- First Flag Unfurling Site, Lewis and Clark Trail
- U.S. National Register of Historic Places
- Location: 5 miles (8.0 km) north of Tendoy, Idaho in the Bitterroot Mountains
- Coordinates: 45°1′21″N 113°34′27″W﻿ / ﻿45.02250°N 113.57417°W
- Area: 5 acres (2.0 ha)
- Built: 1805
- NRHP reference No.: 75000635
- Added to NRHP: August 22, 1975

= First Flag Unfurling Site, Lewis and Clark Trail =

The First Flag Unfurling Site is a historic site along the route of the Lewis and Clark Expedition in Lemhi County, Idaho. The site is located in the Bitterroot Mountains, 5 mi north of the community of Tendoy. According to an entry in Clark's journal on August 13, 1805, Lewis unfurled an American flag at the site to greet two women whom the party encountered.
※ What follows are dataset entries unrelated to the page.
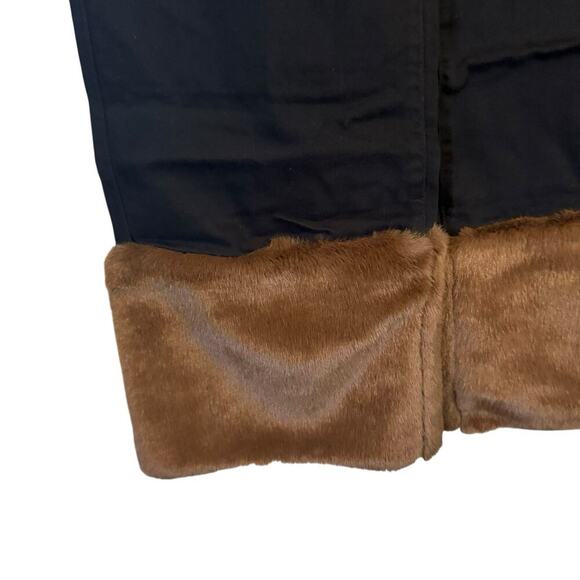 WeWoreWhat Faux Fur Cuff Straight Leg Jeans Black Size 28 NWT $148 Onia Rare - Picture 3 of 7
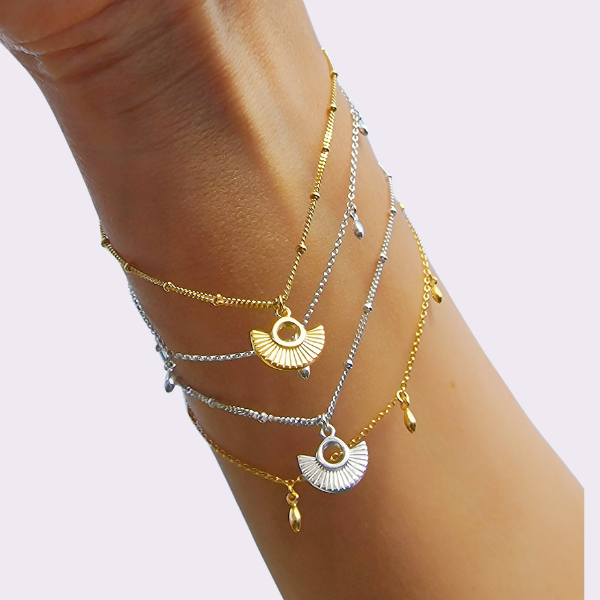 Bracelet à breloques en argent Chaîne grain de riz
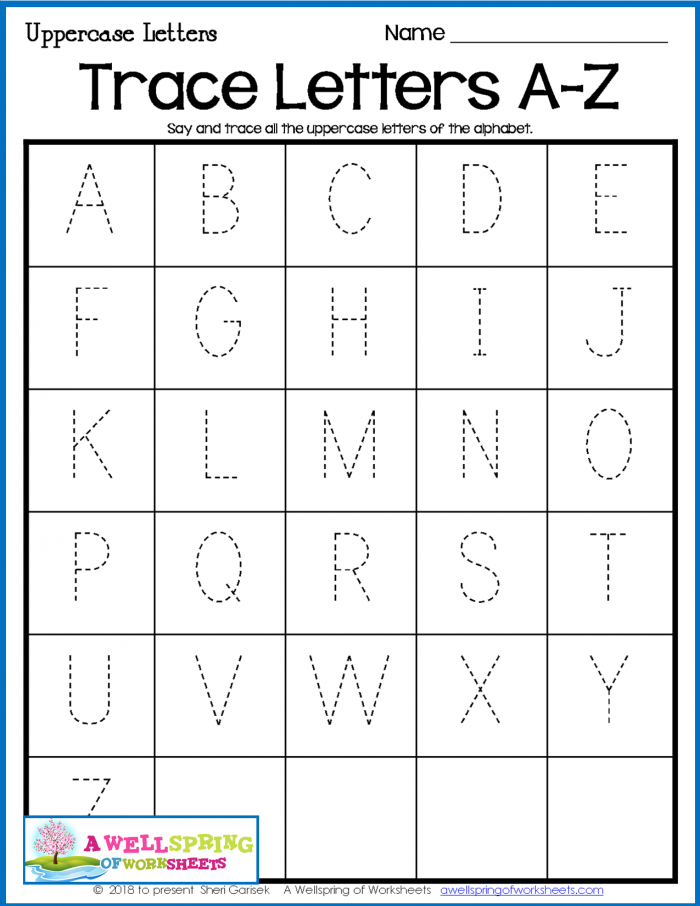 Alphabet Tracing Worksheets For Kindergarten Printable Kindergarten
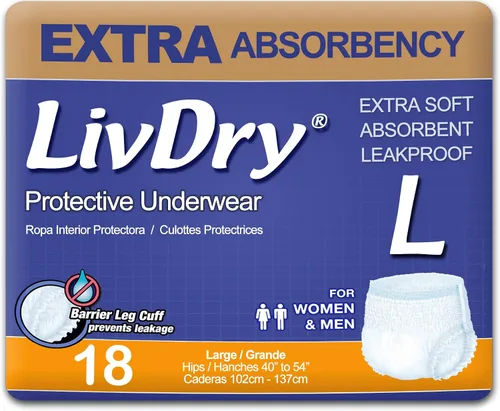 Vista 9 de LivDry Ropa interior para incontinencia para adultos, pañales de absorción extra para adultos, protección contra fugas, talla S, paquete de 20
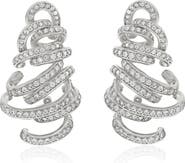 SUZY LEVIAN Cubic Zirconia Spiral Drop Earrings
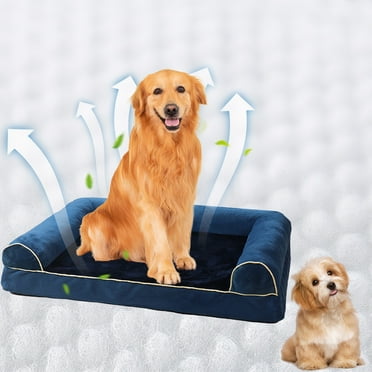 Summercome Cooling Dog Bed for Medium/Small Dogs, Dogs Pets Couch with Removable & Washable Cover, Plush & Suede Pet Sofa, Cats Bed with Non-Slip Bottom, Medium (Navy)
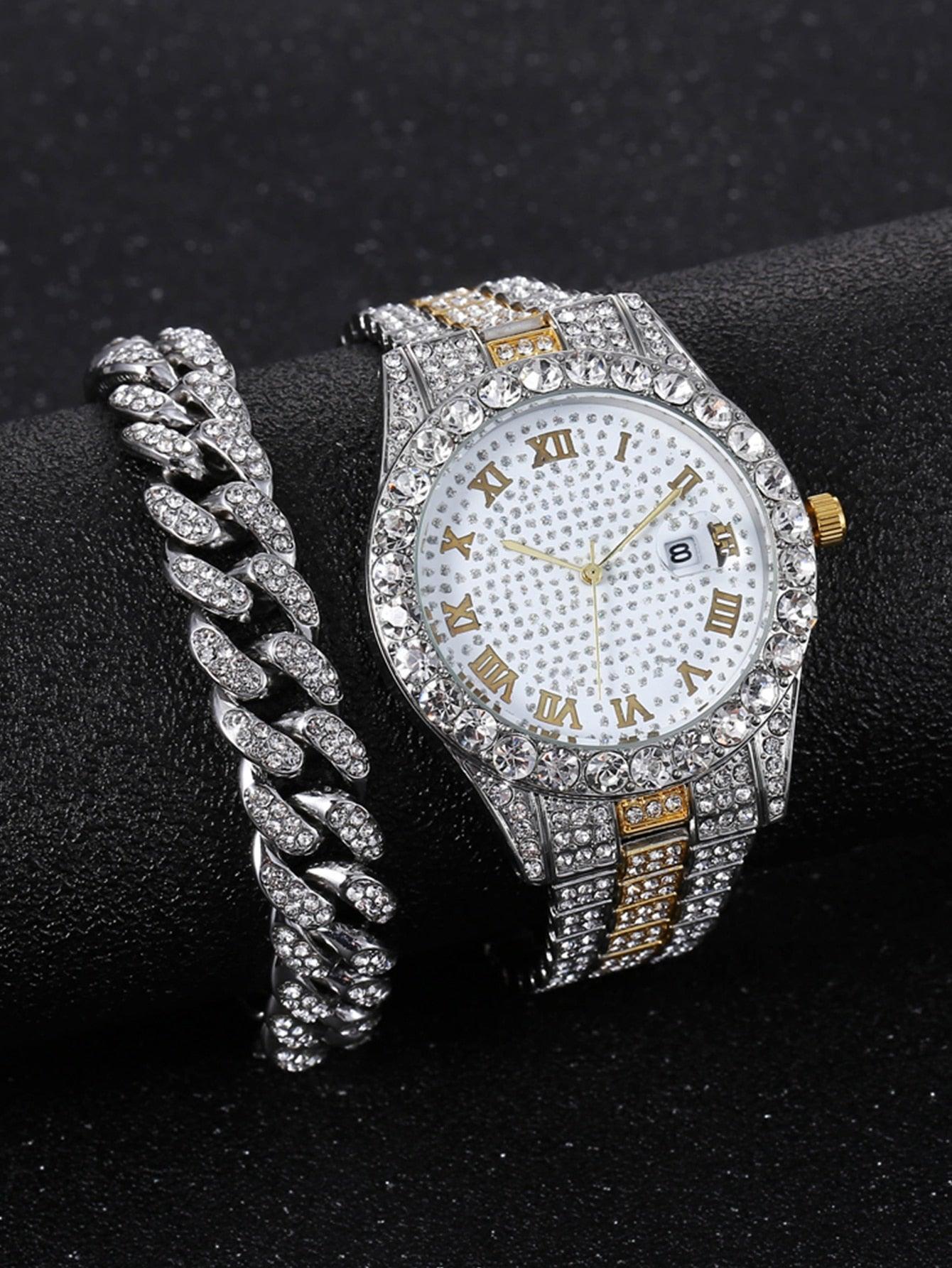 Mens Fashion Bling Watch set diamond-studded bracelet set - Luxurious Weddings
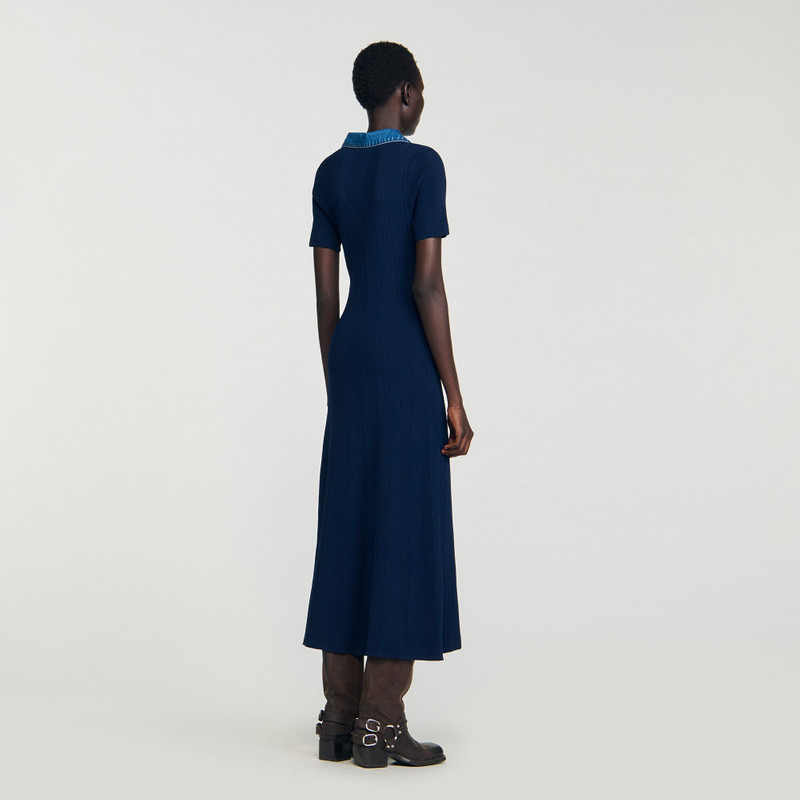 DENIM COLLAR KNIT MAXI DRESS 6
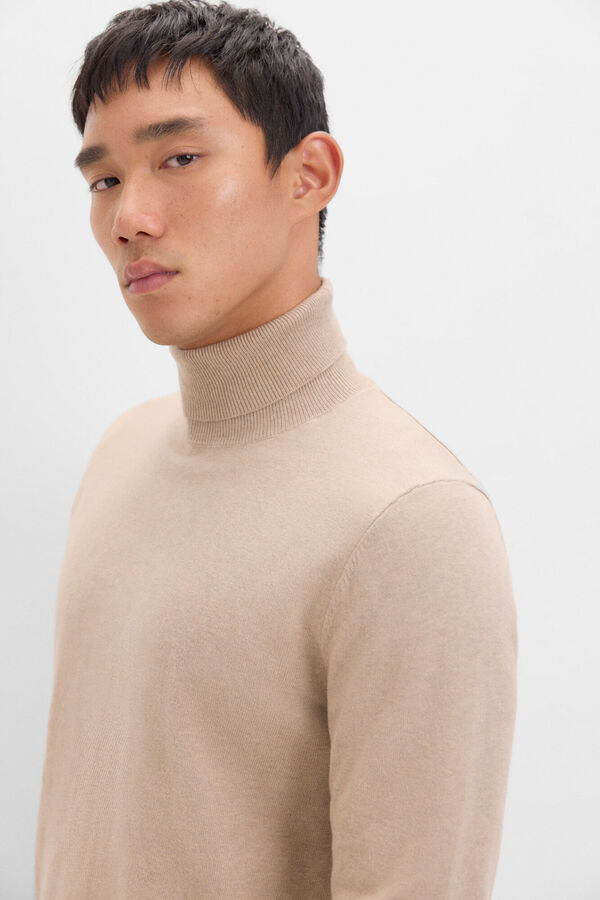 Cortefiel Cotton/silk cashmere high neck jumper  Beige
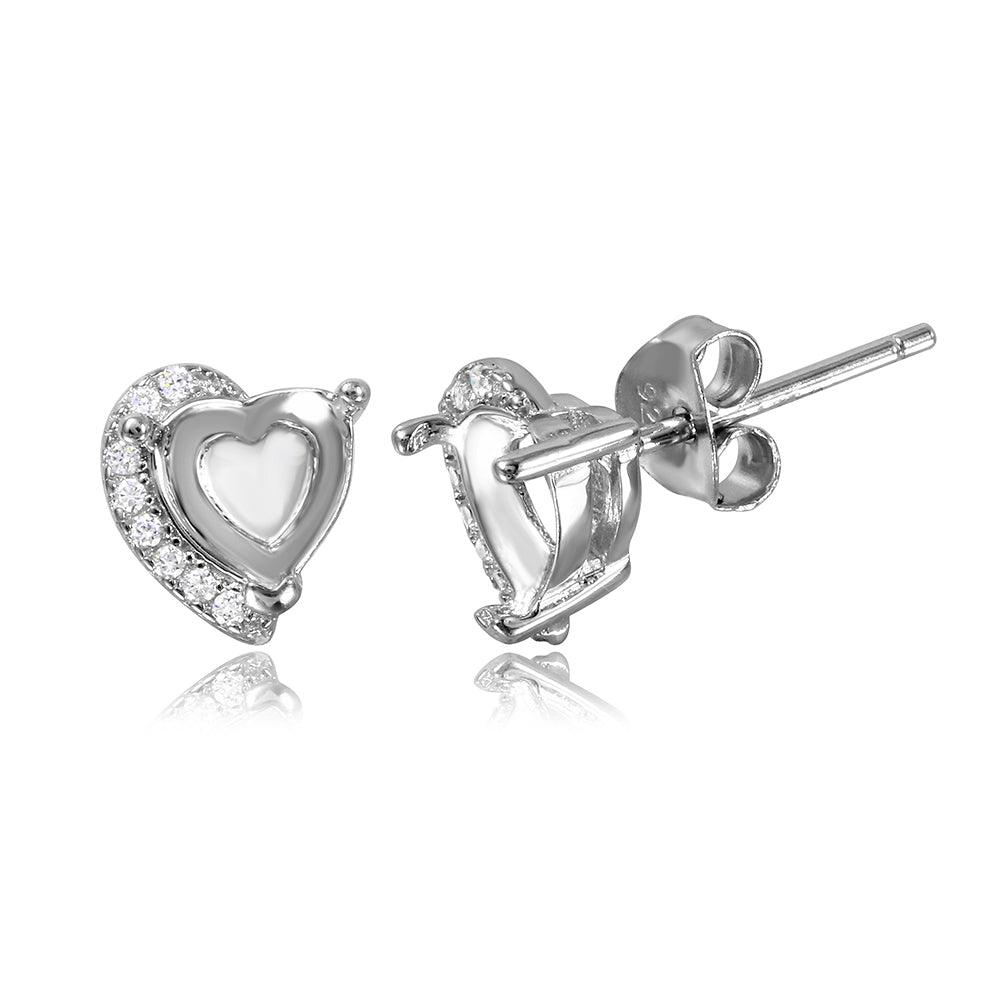 Silver 925 Rhodium Plated Personalized Heart Mounting with CZ - BGE00478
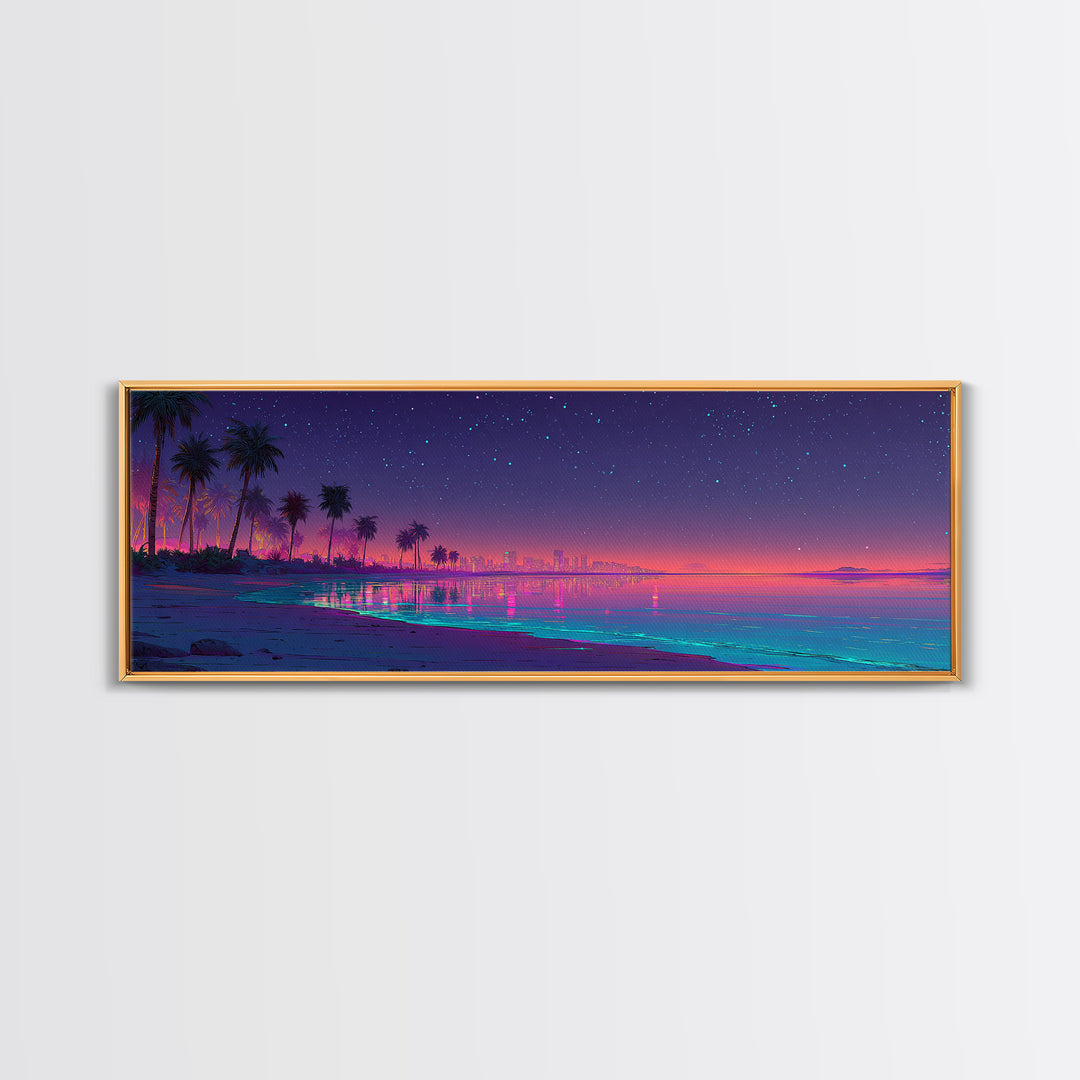 Neon Tropical Beach Skyline Under Stars, Coastal Canvas Print, Cityscape Wall Art, Beach House Decor, Modern Home Decor Print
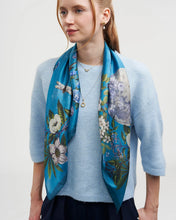 Load image into Gallery viewer, Fable - Midnight Garden Square Scarf in Teal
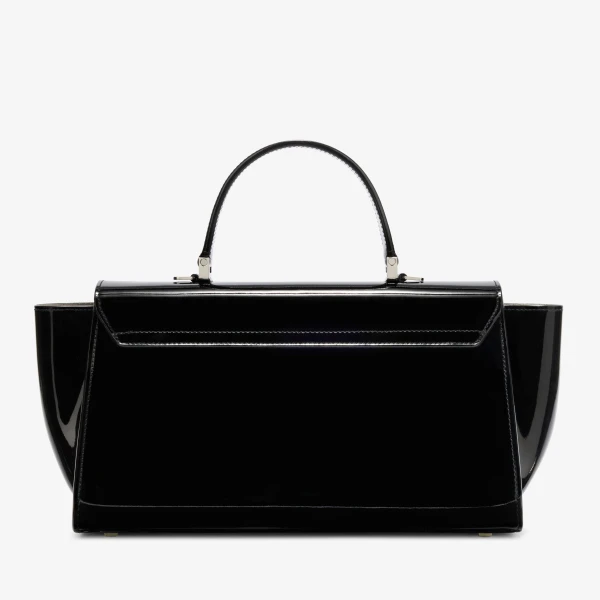 Valextra Iside Editor Gloss Top Handle Medium Bag in Black | Totes & Top-Handle Bags | Coveti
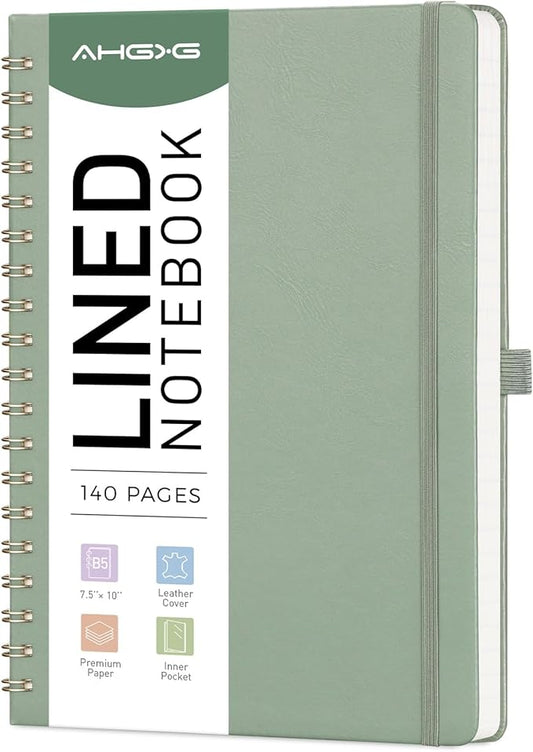 AHGXG Lined Spiral Journal Notebook, 140 Pages, B5 (7.6" x 10") | Journals for Women, Hardcover Leather Notebook College Ruled, 100 GSM Paper, for Work School Note Taking (Sage Green)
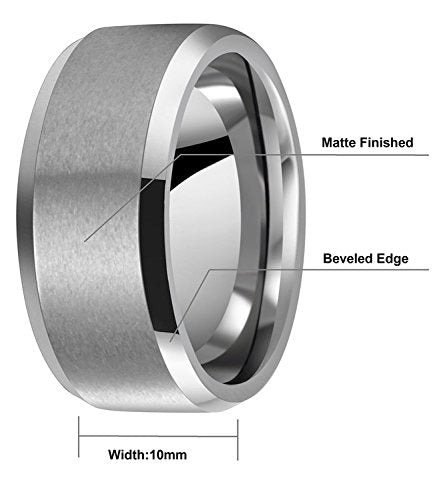 6mm 8mm 10mm Black Tungsten Wedding Band Ring Men Women Matte Finish Beveled Edges Comfort Fit Size 5 To 17 - color: Silver 10mm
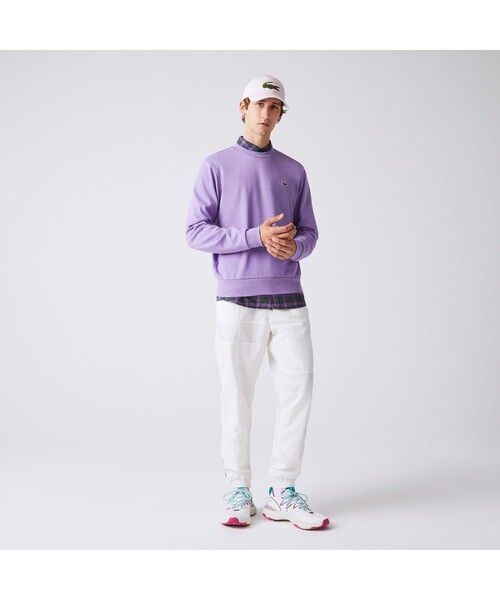 LACOSTE（ラコステ）の「エッセンシャルクルーネックスウェット（スウェット・メンズ・ホワイト/ネイビー/ピンク/ブラック/グレー/パープル/ベージュ/アクア・4/3/2/5）」の7枚目の写真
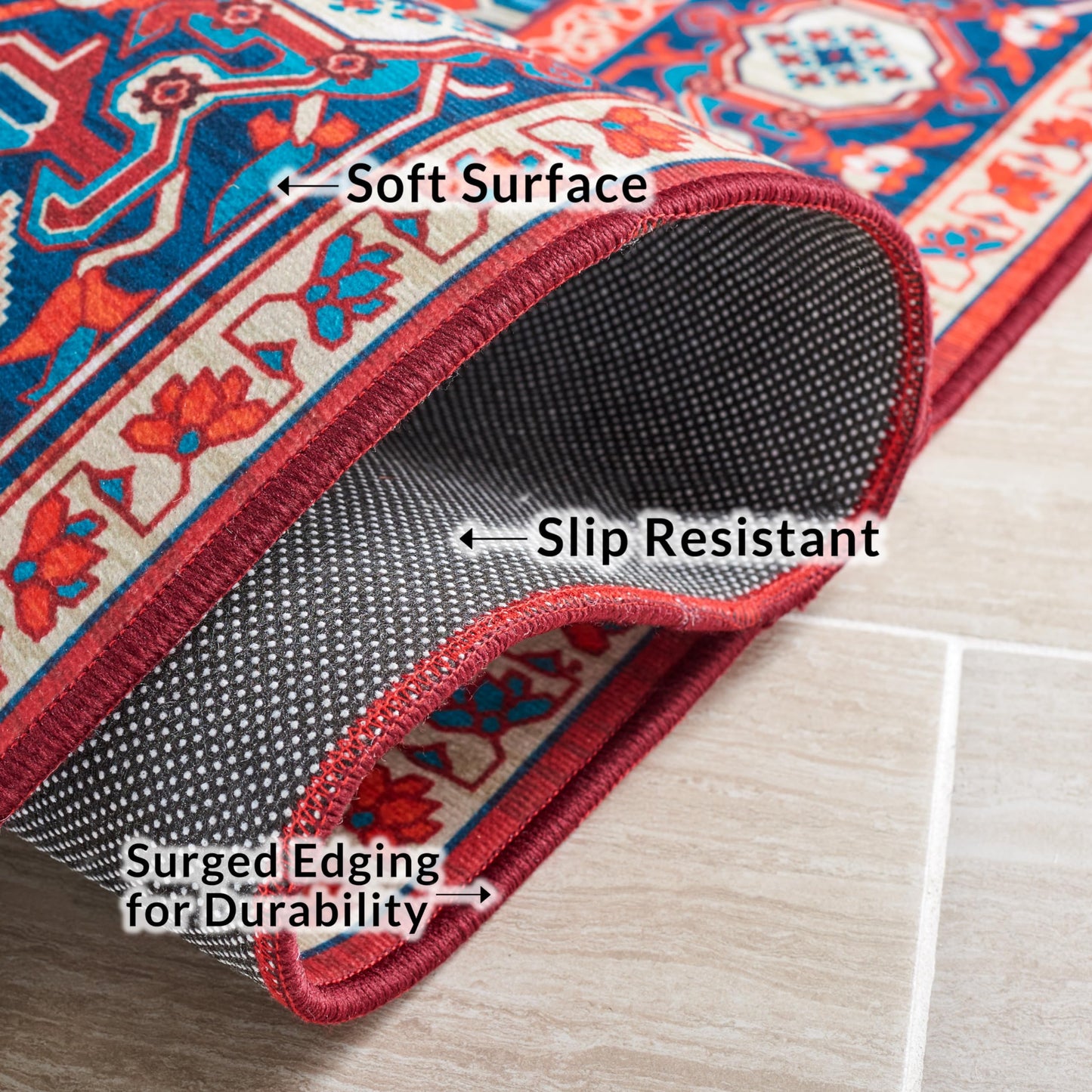 SAFAVIEH Washable Rug Tucson Collection - 8' x 10', Red & Blue, Slip Resistant & Easy to Clean, Ideal for Living Room, Bedroom, Dining Space (TSN101Q)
Local researcher Dave Ainsworth determined that this encounter was the first time an American flag had been unfurled west of the Continental Divide; his findings were confirmed by a National Park Service historian.

The site was added to the National Register of Historic Places on August 22, 1975. At the time, the site was marked by a historic sign, though several parties were planning to install a monument.